A kinder, gentler nation again?
A new survey by the Pew Research Center shows a surge in support for America's neediest citizens. Also, support for government programs to help the poor has returned to levels not seen since the late '80s and early '90s, before the movement to curb welfare began. But what's most surprising about the surge in support is where a lot of it is coming from: political conservatives, Southern whites and older Americans.
In 1993, just a little more than a quarter of self-described conservatives agreed with the statement "The government should help more needy people even if it means going deeper into debt." According to Pew's research, the number of conservatives who now agree with that statement is 48 percent.
At the same time, the proportion of Americans who sympathize with the plight of the nation's poor also has increased since 1994, rising in virtual lockstep with changing views on the need to expand the social safety net. Whites in particular seem to have had a change of heart -- though that sentiment still fails to extend to a clear majority of whites: Today, 49% of whites say that the poor "have it hard," up from just 35% in 1994. The share of whites who say the poor "have it easy" because of government assistance programs has meanwhile dropped from 56% to 37%.Taken together, these changes have pushed support for government assistance to the disadvantaged up to where it stood in the late 1980s, well before Republicans won control of Congress in 1994.
The Street Theater Athens blog (written by several residents of Athens, Ga.) also points to the fact that 73 percent of Americans now believe that under the Republican economic plan, the rich are getting richer and the poor are getting poorer.
USA Today Washington bureau chief Susan Page writes that this shift may be another factor that plays into the hands of the Democrats for the 2008 elections, along with other issues like the Iraq war, fatigue about the war on terror, etc.

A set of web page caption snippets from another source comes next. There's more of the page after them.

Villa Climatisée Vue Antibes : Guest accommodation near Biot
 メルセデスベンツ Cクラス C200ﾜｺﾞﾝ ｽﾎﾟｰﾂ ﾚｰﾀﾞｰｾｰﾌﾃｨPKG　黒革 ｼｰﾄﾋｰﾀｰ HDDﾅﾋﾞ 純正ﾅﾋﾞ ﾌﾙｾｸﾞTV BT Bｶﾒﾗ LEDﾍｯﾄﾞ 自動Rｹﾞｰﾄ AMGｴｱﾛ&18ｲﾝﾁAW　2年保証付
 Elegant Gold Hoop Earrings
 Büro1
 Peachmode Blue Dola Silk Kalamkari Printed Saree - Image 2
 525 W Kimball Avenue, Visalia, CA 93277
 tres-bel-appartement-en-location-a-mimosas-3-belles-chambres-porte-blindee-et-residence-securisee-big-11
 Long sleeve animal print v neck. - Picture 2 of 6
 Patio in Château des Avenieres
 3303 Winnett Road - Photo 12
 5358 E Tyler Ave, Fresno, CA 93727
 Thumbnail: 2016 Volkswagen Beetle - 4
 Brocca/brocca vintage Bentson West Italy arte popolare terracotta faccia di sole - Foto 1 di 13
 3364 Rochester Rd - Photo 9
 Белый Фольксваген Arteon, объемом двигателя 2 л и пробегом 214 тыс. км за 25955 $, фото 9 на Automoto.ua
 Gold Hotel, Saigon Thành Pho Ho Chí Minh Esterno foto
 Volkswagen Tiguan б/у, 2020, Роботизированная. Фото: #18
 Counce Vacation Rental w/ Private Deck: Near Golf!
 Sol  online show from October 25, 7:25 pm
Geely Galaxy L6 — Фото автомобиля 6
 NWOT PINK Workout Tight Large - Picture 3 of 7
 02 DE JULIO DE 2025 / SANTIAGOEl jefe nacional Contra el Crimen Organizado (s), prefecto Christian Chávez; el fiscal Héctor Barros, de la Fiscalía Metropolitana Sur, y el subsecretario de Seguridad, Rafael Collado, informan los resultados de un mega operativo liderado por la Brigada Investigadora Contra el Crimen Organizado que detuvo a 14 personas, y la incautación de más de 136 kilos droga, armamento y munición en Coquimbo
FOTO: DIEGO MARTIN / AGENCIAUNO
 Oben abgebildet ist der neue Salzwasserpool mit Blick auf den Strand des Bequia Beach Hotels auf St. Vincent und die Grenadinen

But looked at from the other direction, it could also explain why Rudy Giuliani is doing so well in early Republican presidential polls. It would seem that Republicans are more open to a centrist (by GOP standards) candidate who would favor broader support for these kinds of aid programs.
There are still, of course, lots of conservatives who would view expanding aid programs with a real jaundiced-eye, not wanting to return to what they consider the nanny state. Witness today's posting in RedState that lists what it considers the tax-hiking activities of several of the Democratic governors either elected or re-elected in 2006.